Assume you have to query the prices of like 100 items (in the example I will query just 2) that are unique, which would be the fastest (measured in seconds per query) way of querying the name of these items using a python data structure?
Here is the example with a pandas dataframe (with just querying 3 items, I would like to query around 50 or 100).
import pandas as pd
import time
df = pd.DataFrame({"price":[11,33,5,29,999]*100000},index=["car","boat","axe","fork","plane"]*100000)
# now query the price of these items:
time_start = time.time()
query = df.loc[["car","boat","plane"]]
time_elapsed = round(time.time()-time_start,2)
print(f"[INFO] Time elapsed: {time_elapsed} seconds")
print(query)
Can you think of faster ways than the one I showed? Ideally I would not want to think of a database, a data structure instead but I'm open to suggestion about databases like mongodb (not as answers, just as comments).
Thanks!
I doubt you'll get much better than using a mask:
import pandas as pd
df = pd.DataFrame({"price":[11,33,5,29,999]*100000},index=["car","boat","axe","fork","plane"]*100000)

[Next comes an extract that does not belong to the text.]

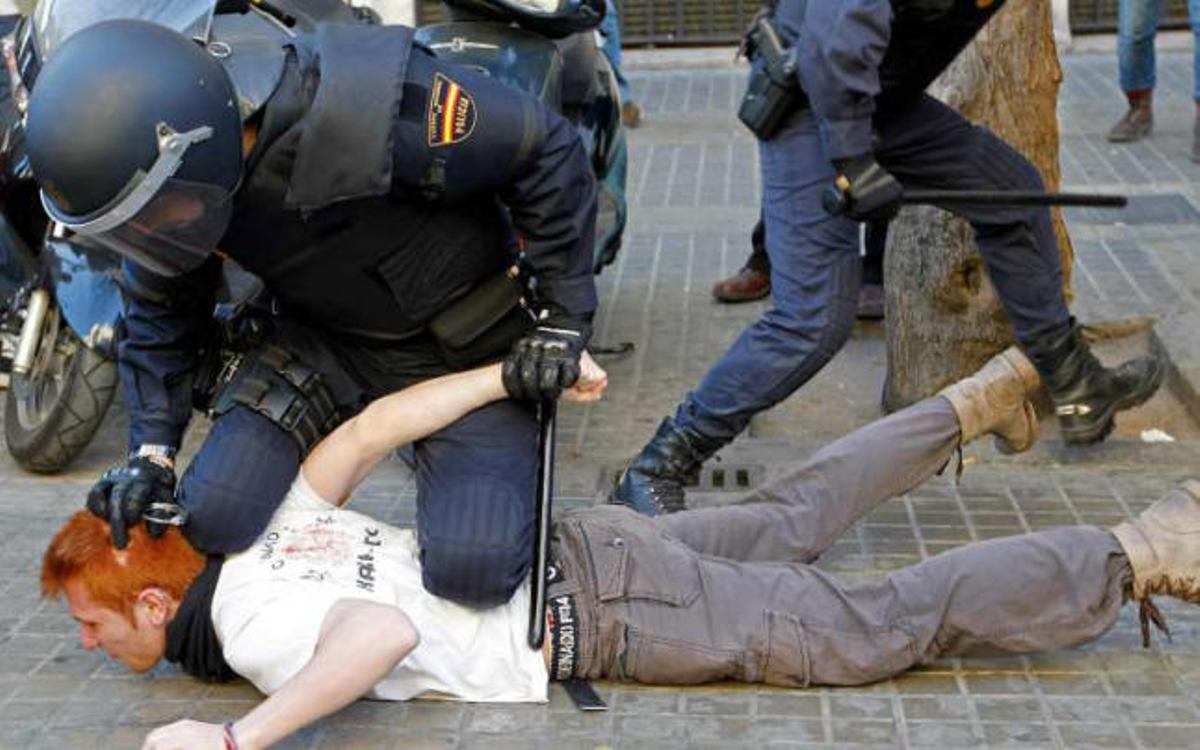 La Policía carga otra vez contra los estudiantes en Valencia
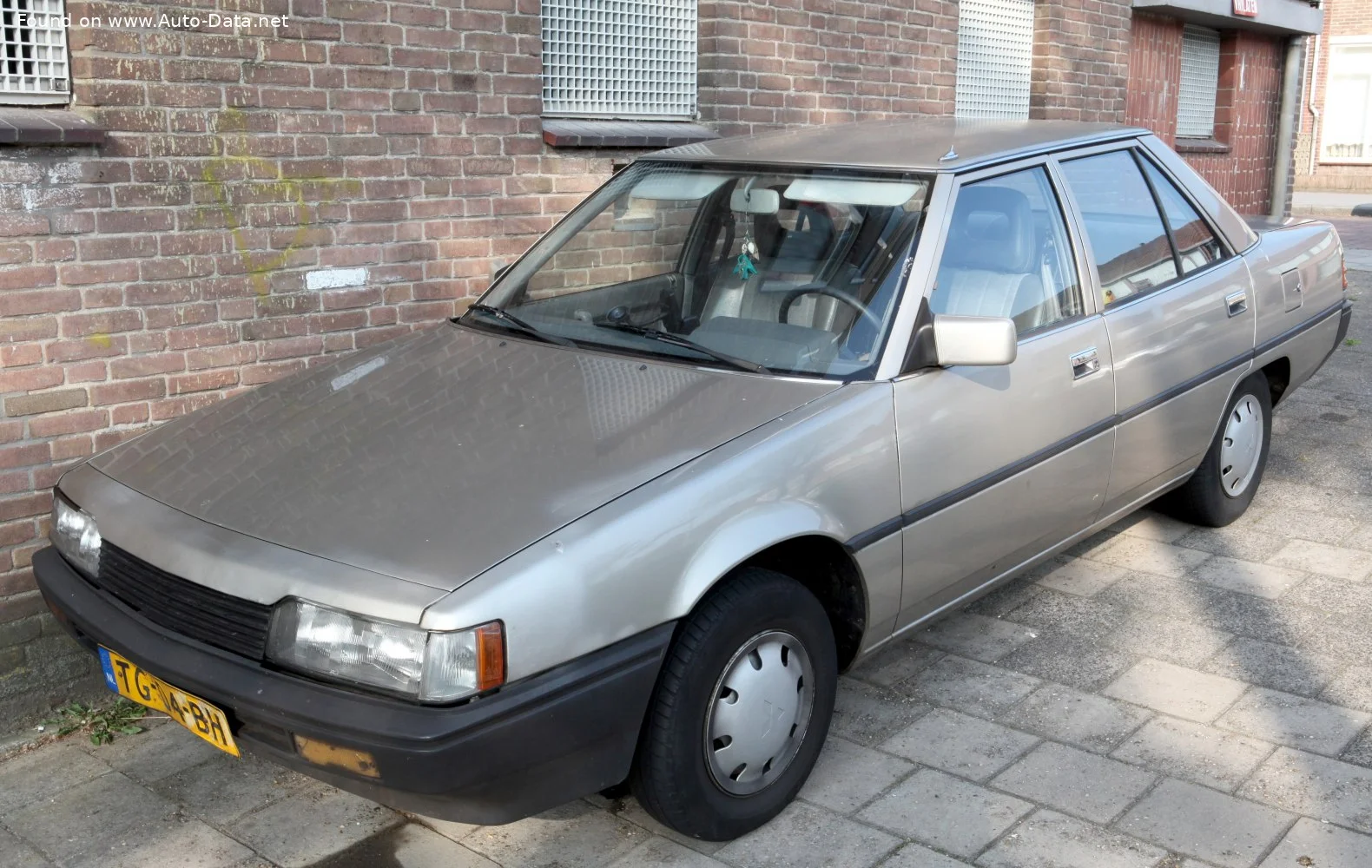 Mitsubishi Galant 1.6 GLX (75 Hp)1984 - 1987 - 1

items = ["car","boat","plane"]
def v1(df, items):
df = df.copy()
return df.T[items].T
def v2(df, items):
df = df.copy()
return df.loc[items]
def v3(df, items):
df = df.copy()
return df[df.index.isin(items)]
print('Treating index as columns:')
%timeit v1(df, items)
print('\nUsing loc:')
%timeit v2(df, items)
print('\nUsing a mask:')
%timeit v3(df, items)
Output:
Treating index as columns:
108 ms ± 8.49 ms per loop (mean ± std. dev. of 7 runs, 10 loops each)
Using loc:
57 ms ± 1.04 ms per loop (mean ± std. dev. of 7 runs, 10 loops each)
Using a mask:
12.8 ms ± 305 µs per loop (mean ± std. dev. of 7 runs, 100 loops each)